Record numbers of people signed up to vote on deadline day before registrations closed, with more than 600,000 names added to the electoral roll in the final 24 hours.
On the last day that new voters could register, a total of 622,398 applications were received by the Government’s Individual Electoral Registration digital service.
That exceeded the previous record of 525,254 applications on a single day, set before the EU referendum on 7 June 2016 – a spike of around 20 per cent.
The figures point to a sharp increase in young voters adding their names to the register, with around two-thirds – 453,000 – of the new voters to sign up on deadline day aged between 18 and 34.
A late surge in young voter registrations will be seen as good news for Labour, whose election day hopes have historically hinged on a high turnout among young people.
Jeremy Corbyn’s party has traditionally attracted more support from young voters, many of whom will be attracted to Labour’s promise to scrap university tuition fees,
However, pre-election polling still suggests the Tories will emerge on 9 June as the largest party.
John Curtice, a political scientist at the University of Strathclyde, cautioned against reading too much into the figures.
He told The Independent his own calculation of the new voter registrations since last December put the figure at 1.1 million, down from 1.35 million in England and Wales over the same period a year earlier.
Almost three million people registered online to vote in the period between the announcement of the election on 18 April and the registration deadline of 22 May.
Kainos, which helped develop the online registration system with the Cabinet Office, said the biggest single spike in applications on 22 May coincided with the 10 o’clock news, when 23,854 voters signed up.
Theresa May announced her intention to call a general election from the steps of Downing Street on 18 April.
On that day, 147,000 people registered online and 3,364 paper forms were submitted.
The total number of new registrations is likely to be even higher as the Kainos figures do not take into account the small proportion of paper applications.
However, Dr Caitlin Milazzo, politics professor at the University of Nottingham, told The Independent the sharp rise in voter registrations did not automatically translate into extra votes.
“If all those voters actually vote, obviously it helps Labour a lot," she said.

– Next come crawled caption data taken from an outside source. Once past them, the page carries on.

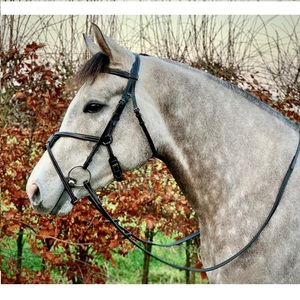 OEM ODM บังเหียนม้าขี่ม้าเบาๆเบาะอย่างเต็มที่ havana สีขาวเย็บแบบตะวันตกสายรัดคางหนังสีขาวแฟนซี - Product Image 6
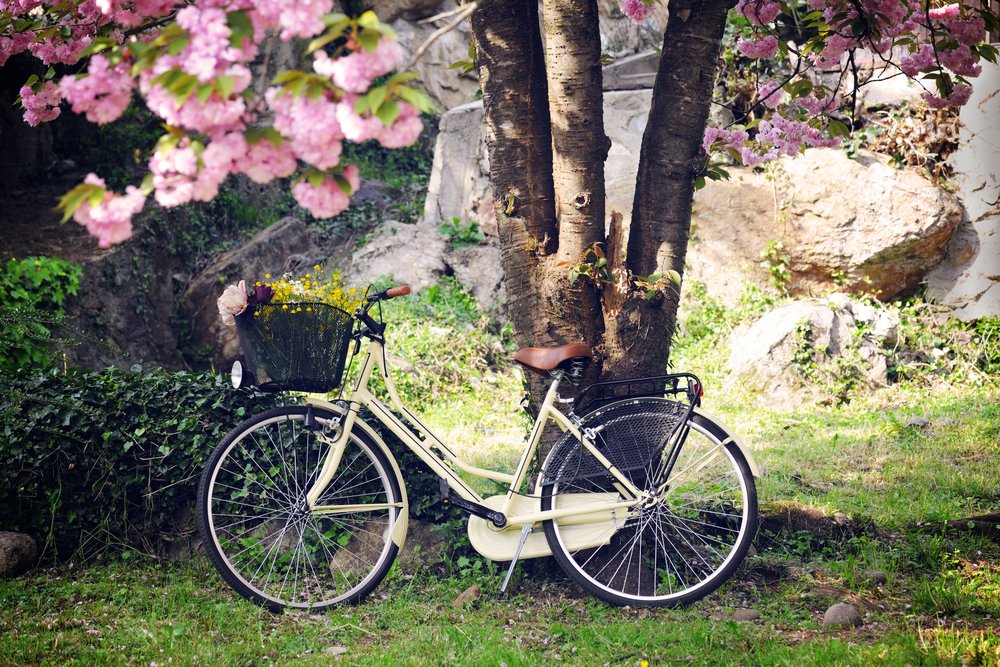 Фотографія велосипед біля дерева сакури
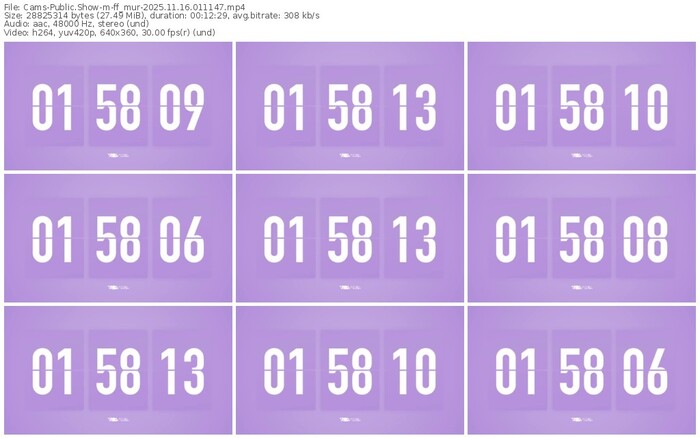 cams-ff_mur-11-16-2025-01-11-47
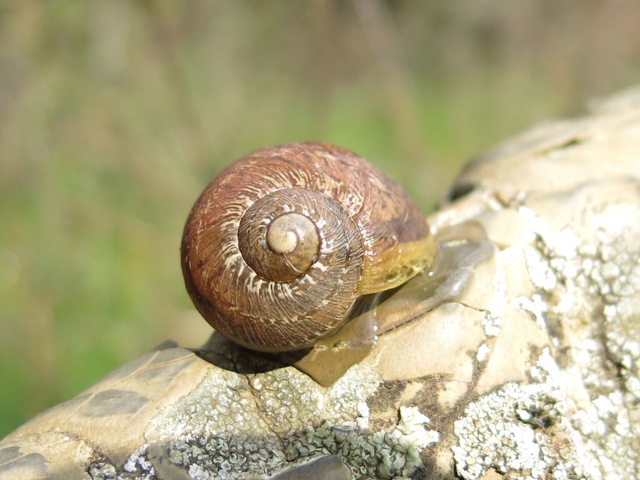 Gastropoda da determinare 5 ?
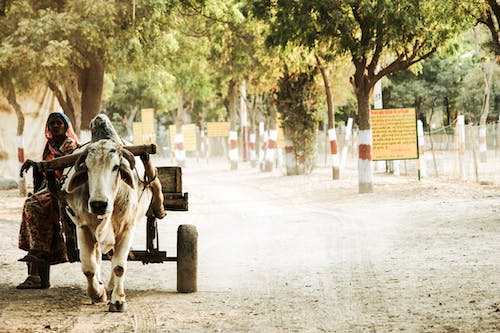 500x333 Rural India & HD Image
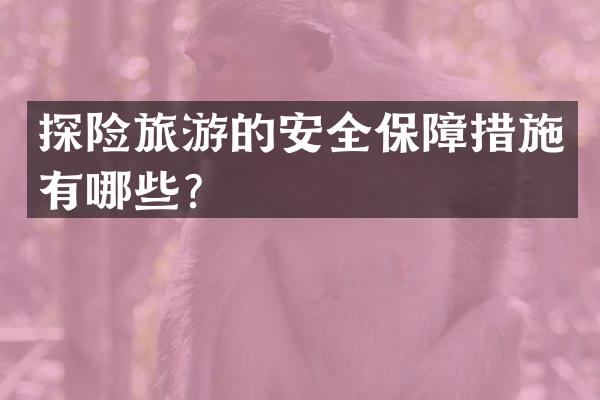 探险旅游的安全保障措施有哪些？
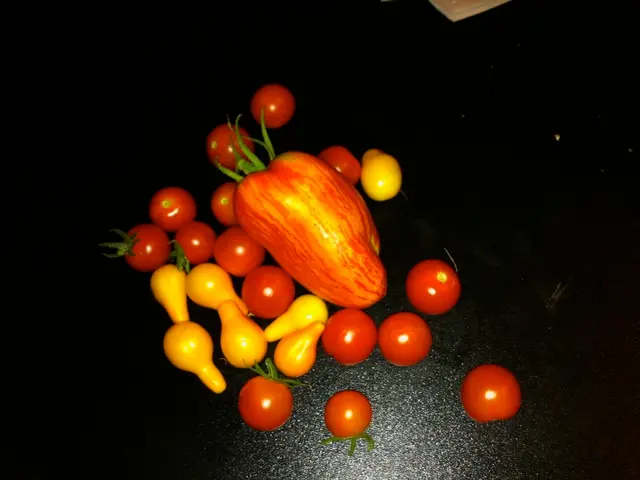 In the picture there are many fruits present.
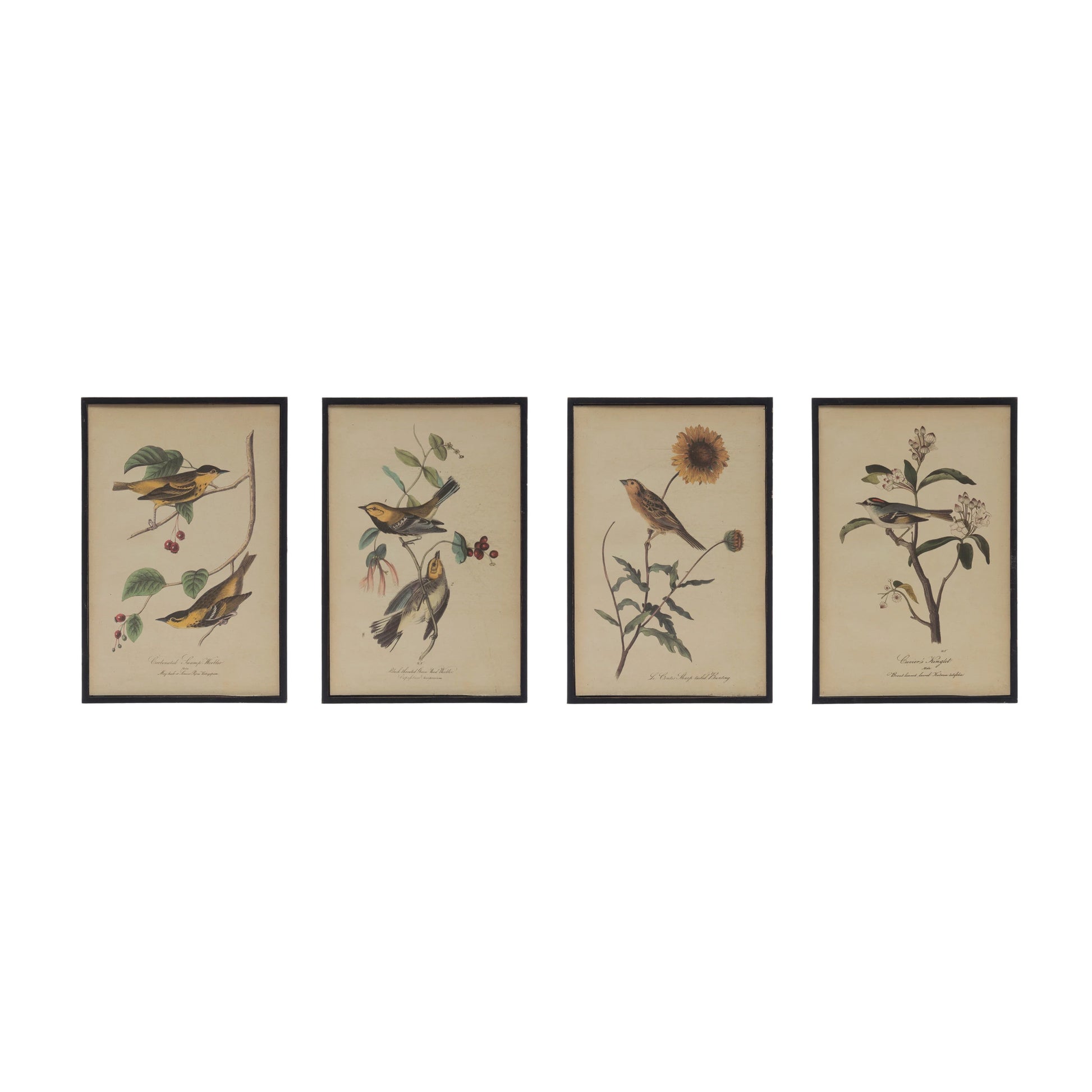 all four style of bird and flower framed wall art displayed in a row against a white background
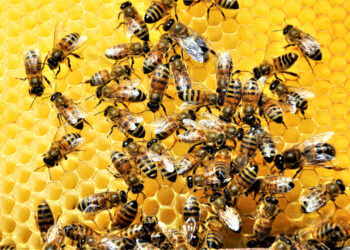 As abelhas e os negócios: Uma lição de sobrevivência e propósito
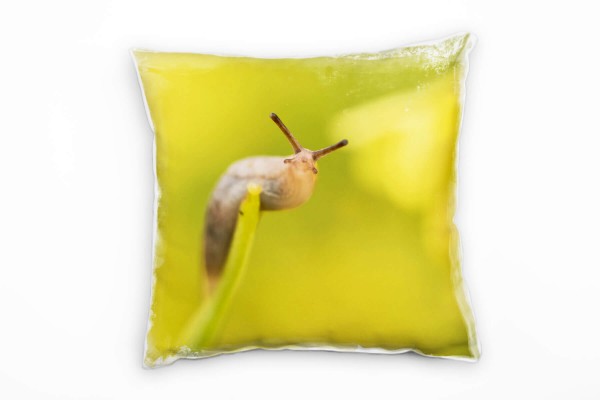 Paul Sinus Art Tiere, Nacktschnecke, braun, grün Deko Kissen 40x40cm für Couch Sofa Lounge Zierkissen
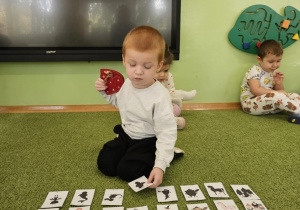 Chłopiec dopasowuje cienie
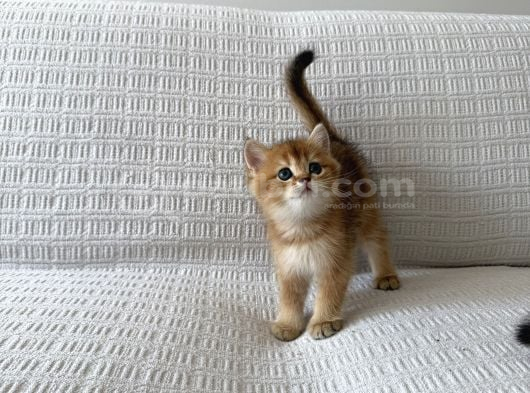 Golden Güzelleri Ilanda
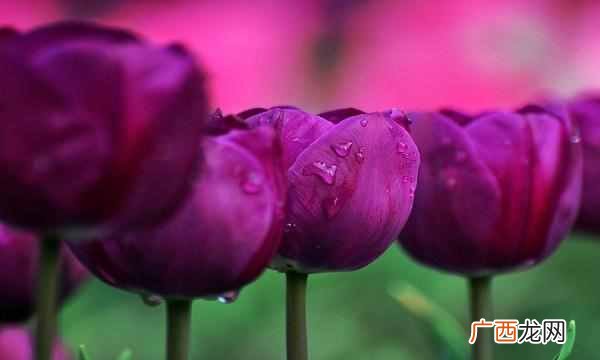 中国的国花是什么花（各国都有自己的国花，中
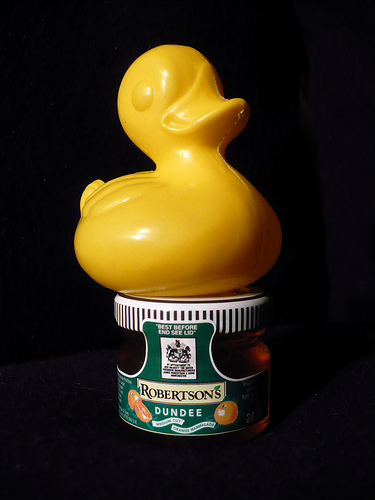 Duck Day 523 (07062010) - My marmalade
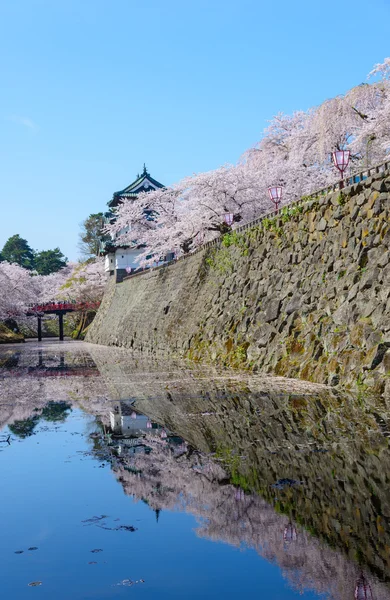 Flores de cerejeira e Castelo de Hirosaki — Fotografia de Stock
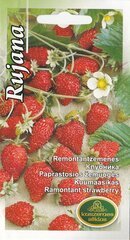 Клубника RUJANA. Семена клубники цена и информация | Семена овощей, ягод | kaup24.ee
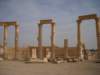 dscn1016_small.jpg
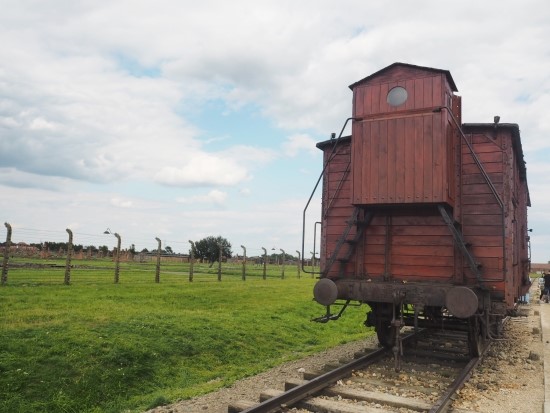 [특별기고] 그곳에도 다시 초록빛의 풀이 자란다. -폴란드 아우슈비츠 수용소에서 관련이미지3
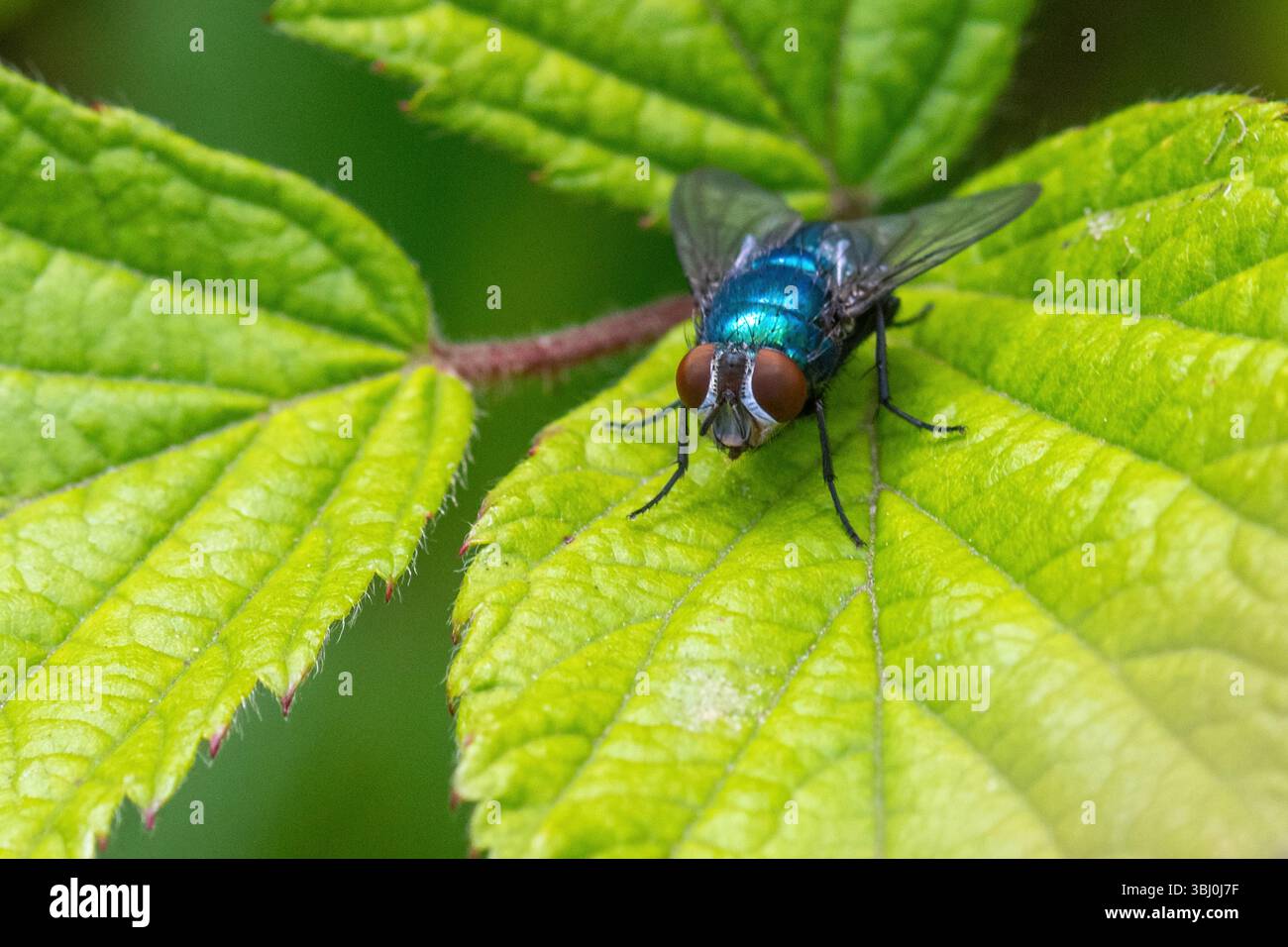 Bluebottle Fly on Leaf, Inghilterra, Regno Unito Foto Stock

"But it is easier to register to vote than it is to check the electoral roll, so a lot of people may already be registered to vote. We don’t actually know how many of those people are new voters.
“The second point is that these new voters have to be in the right places. If you interject half a million new voters, but they are spread across the country, it may not have an effect.
“Under the first-past-the-post system, you can boost Labour’s vote share and not have an impact on the overhaul allocation of seats.”
A recent report found that if 18-to-34-year-olds had turned out to the polling stations in similar proportions to the over-65s in the 2015 election, it would have been enough to deny David Cameron an overall majority.
Labour would claim election victory if only people under 40 voted, despite being behind overall, according to one YouGov poll.